══ Data for analysis
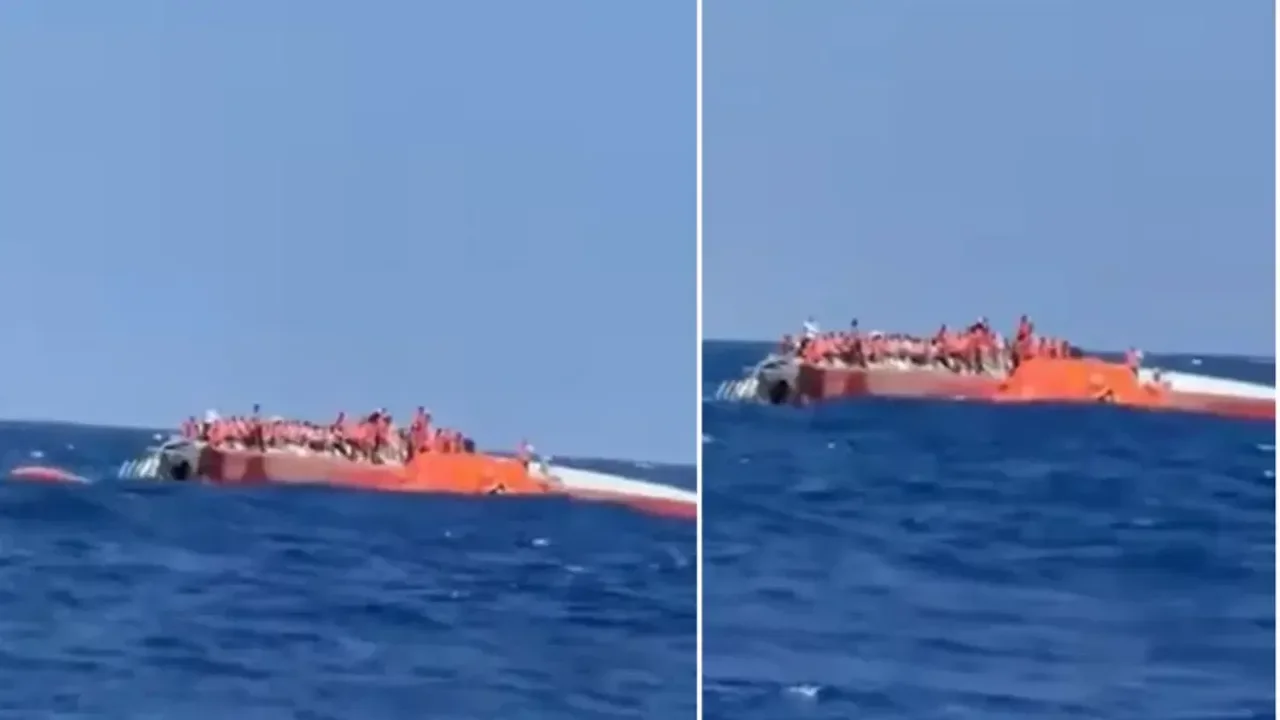 Gemi faciasında hayatını kaybedenlerin kimlikleri belli oldu!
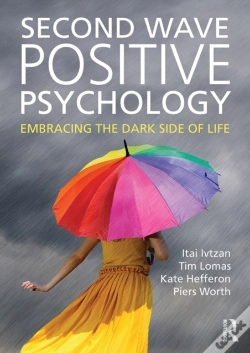 Capa do artigo Second Wave Positive Psychology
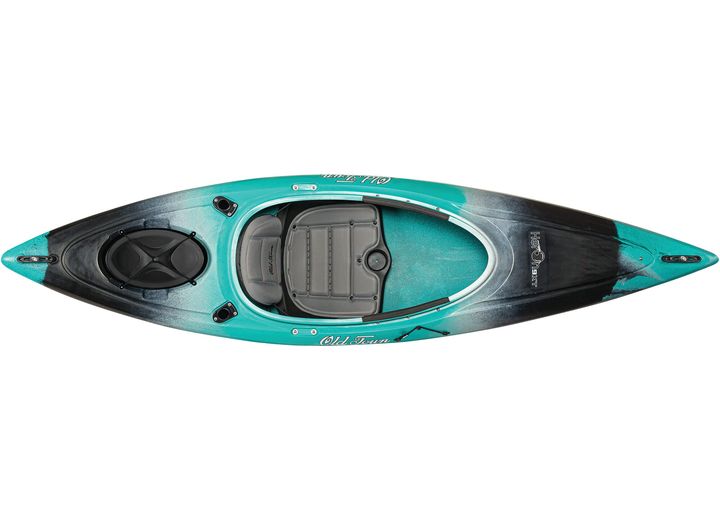 Old Town Heron 9XT Sit-Inside Paddle Kayak - Photic  • 01.4047.1052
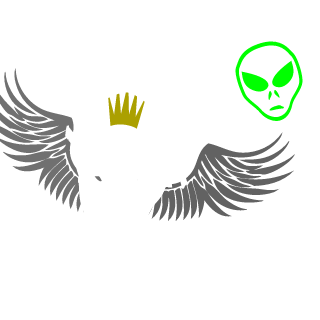 Gamekwv's emblem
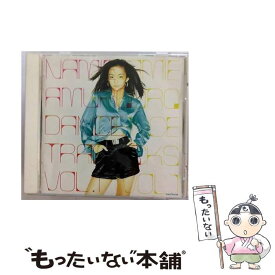 【中古】 ダンストラックスVol．1 / 安室奈美恵 / 安室奈美恵 / EMIミュージック・ジャパン [CD]【メール便送料無料】【最短翌日配達対応】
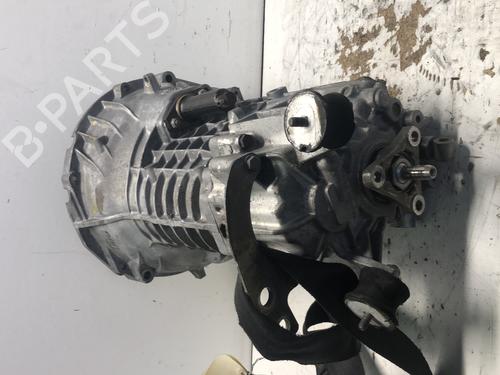 Used Gearbox Gearbox BMW 3 (E30) 316 i (100 hp) 18230207 18230207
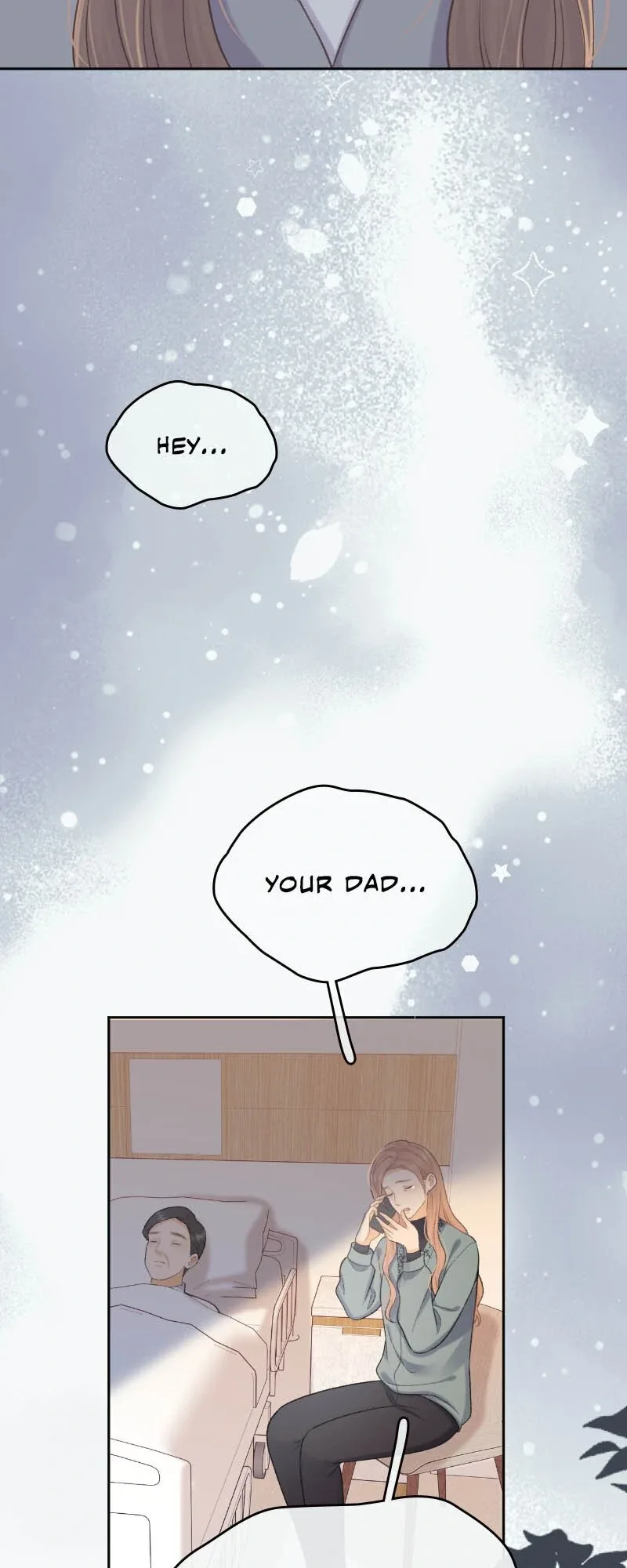 Eternal Love Chapter 97 page 17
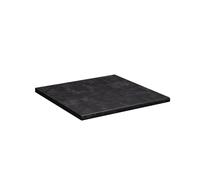 Vicco Plan de Travail Cuisine R-Line, Anthracite, 60cm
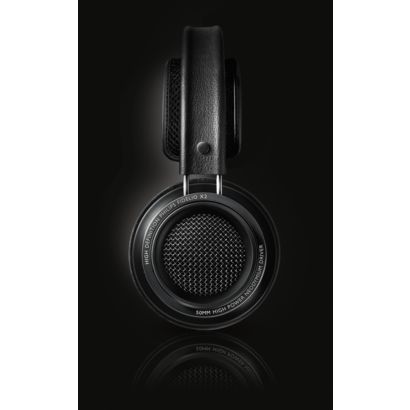 High fidelity sound, in the comfort of home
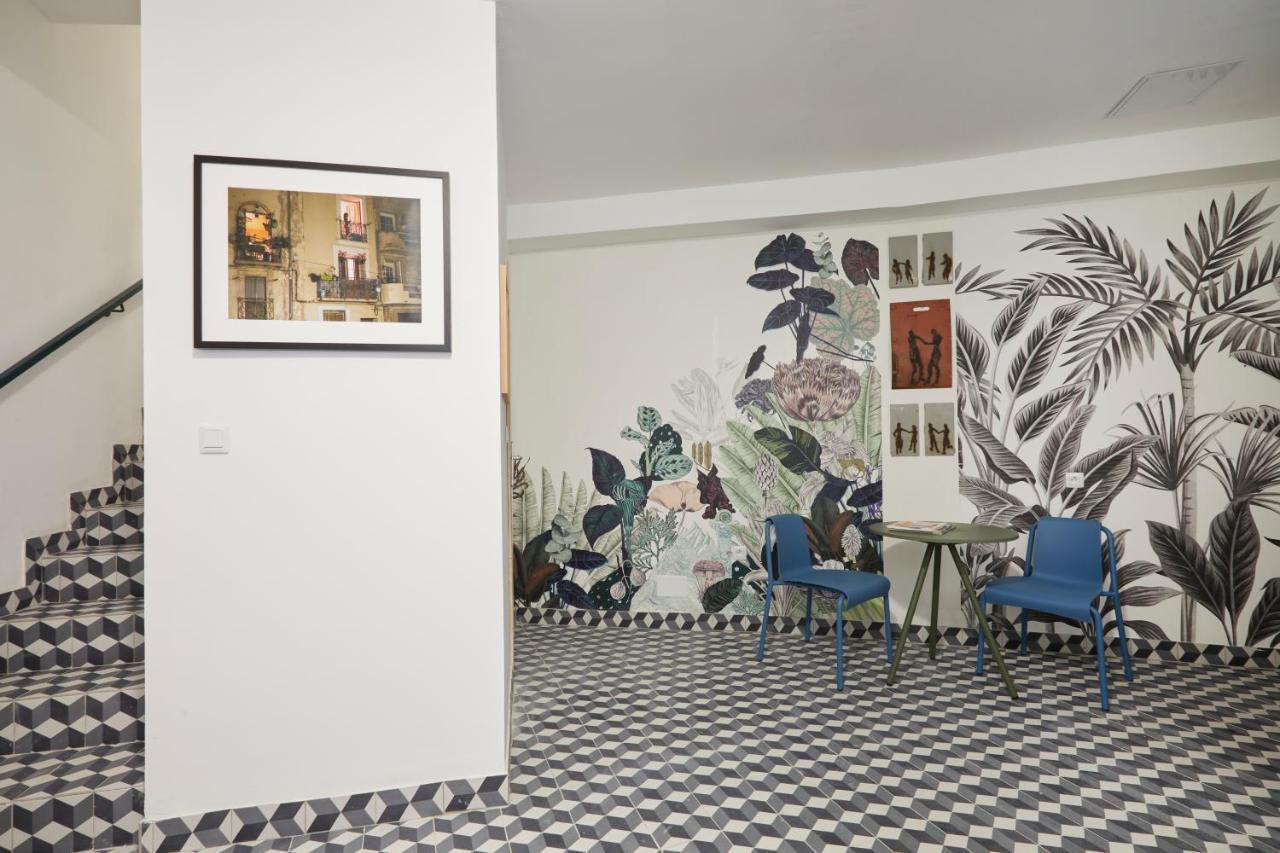 Art Lovers Apart Third Floor Béziers Exterior foto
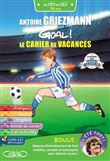 Goal - Cahier de vacances CE1-CE2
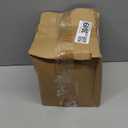 Tea Kettle, Stovetop Whistling Teapot, Stainless Steel, Red, 3.0-Quart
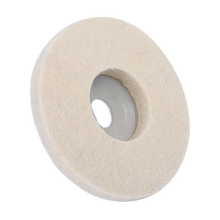 Carica l&#39;immagine nel visualizzatore di Gallery, Ruota di lucidatura efficiente per trapano - Ozerty
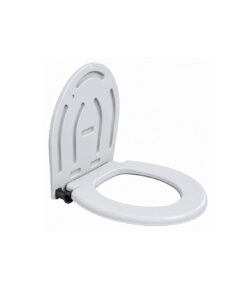 Commode Seat Cover for Commode Chair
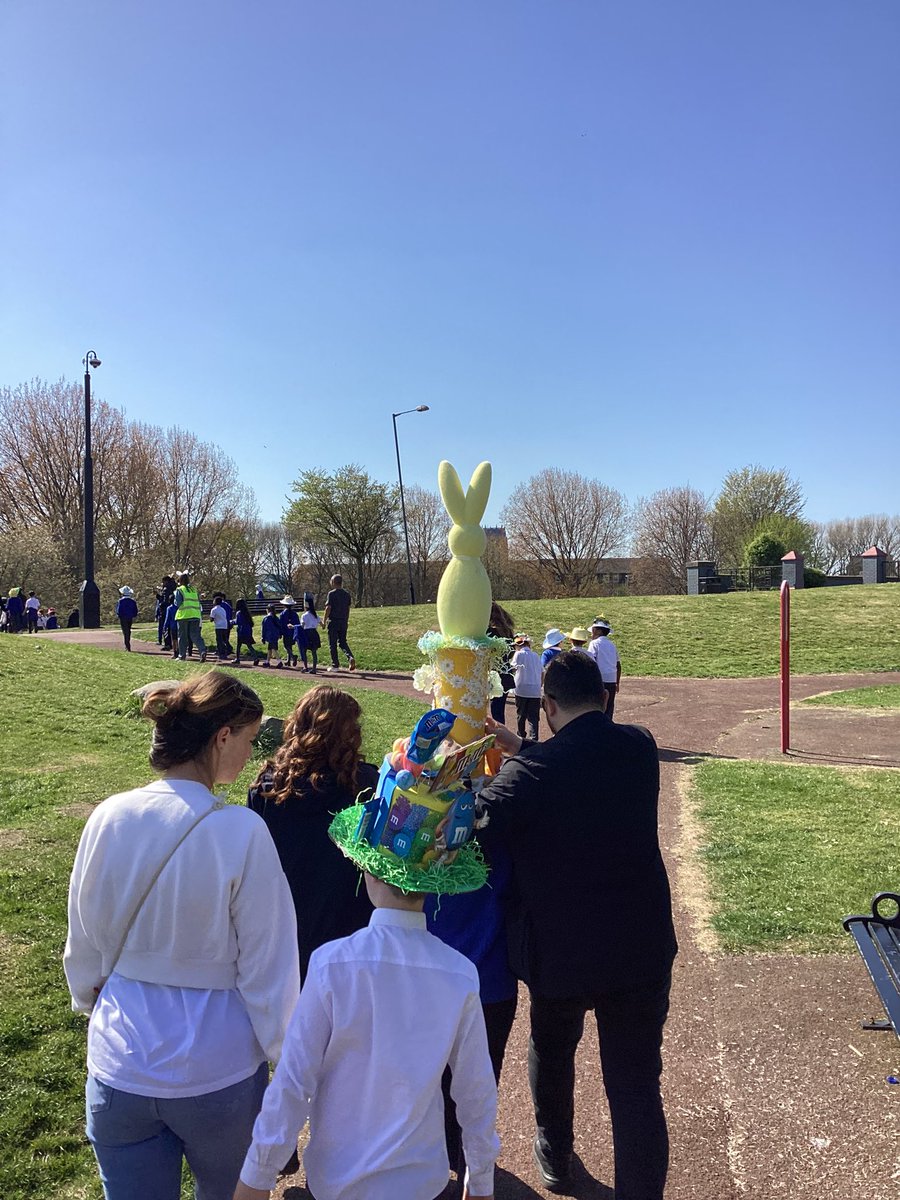 Mrs Dade ๐ป ๐ณ (@y4_hazelclass) on Twitter photo A lovely Easter celebration with our Big Lent Walk, Easter bonnet competition and our Easter party. ๐ฅ ๐ ๐ฅณ #catholiclife #restannes <a href="/Y6Oak2024/">Mrs Kilbride</a> A lovely Easter celebration with our Big Lent Walk, Easter bonnet competition and our Easter party. ๐ฅ ๐ ๐ฅณ #catholiclife #restannes <a href="/Y6Oak2024/">Mrs Kilbride</a>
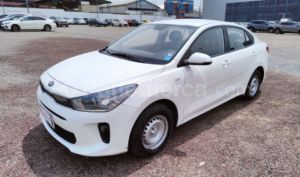 Kia RIO LX 2018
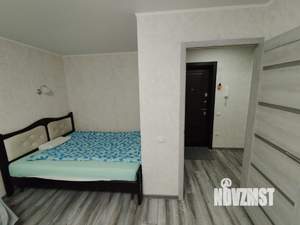 1-к квартира, вторичка, 38м2, 8/9 этаж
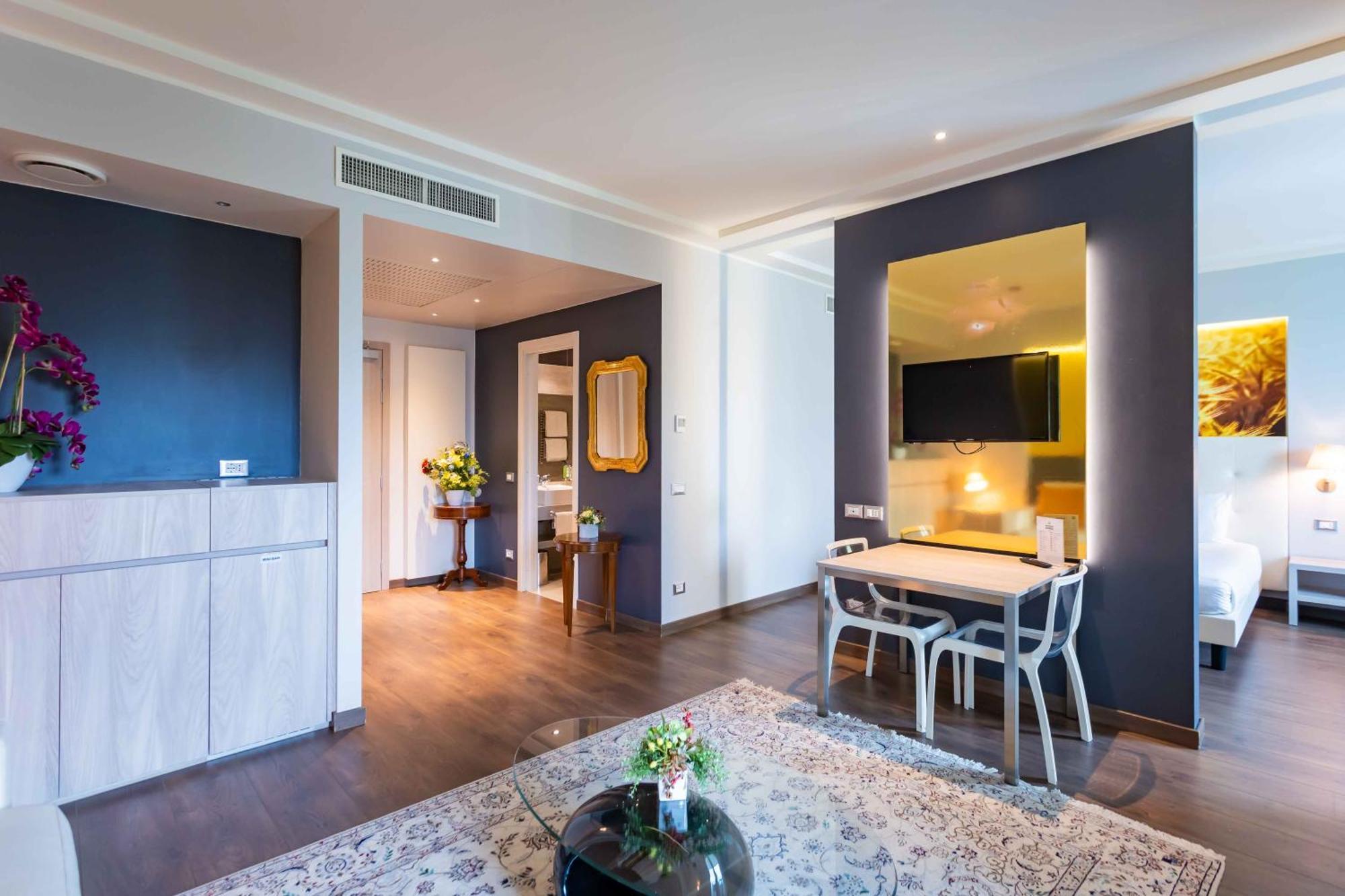 Отель Ibis Styles Milano Est Сеттала Экстерьер фото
════
Can you repeat every record above exactly, apart from the pictures?

 Gemi faciasında hayatını kaybedenlerin kimlikleri belli oldu!
 Capa do artigo Second Wave Positive Psychology
 Old Town Heron 9XT Sit-Inside Paddle Kayak - Photic  • 01.4047.1052
 Gamekwv's emblem
 【中古】 ダンストラックスVol．1 / 安室奈美恵 / 安室奈美恵 / EMIミュージック・ジャパン [CD]【メール便送料無料】【最短翌日配達対応】
 Used Gearbox Gearbox BMW 3 (E30) 316 i (100 hp) 18230207 18230207
 Eternal Love Chapter 97 page 17
 Vicco Plan de Travail Cuisine R-Line, Anthracite, 60cm
 High fidelity sound, in the comfort of home
 Art Lovers Apart Third Floor Béziers Exterior foto
 Goal - Cahier de vacances CE1-CE2
 Tea Kettle, Stovetop Whistling Teapot, Stainless Steel, Red, 3.0-Quart
 Carica l&#39;immagine nel visualizzatore di Gallery, Ruota di lucidatura efficiente per trapano - Ozerty
 Commode Seat Cover for Commode Chair
 Mrs Dade ๐ป ๐ณ (@y4_hazelclass) on Twitter photo A lovely Easter celebration with our Big Lent Walk, Easter bonnet competition and our Easter party. ๐ฅ ๐ ๐ฅณ #catholiclife #restannes <a href="/Y6Oak2024/">Mrs Kilbride</a> A lovely Easter celebration with our Big Lent Walk, Easter bonnet competition and our Easter party. ๐ฅ ๐ ๐ฅณ #catholiclife #restannes <a href="/Y6Oak2024/">Mrs Kilbride</a>
 Kia RIO LX 2018
 1-к квартира, вторичка, 38м2, 8/9 этаж
 Отель Ibis Styles Milano Est Сеттала Экстерьер фото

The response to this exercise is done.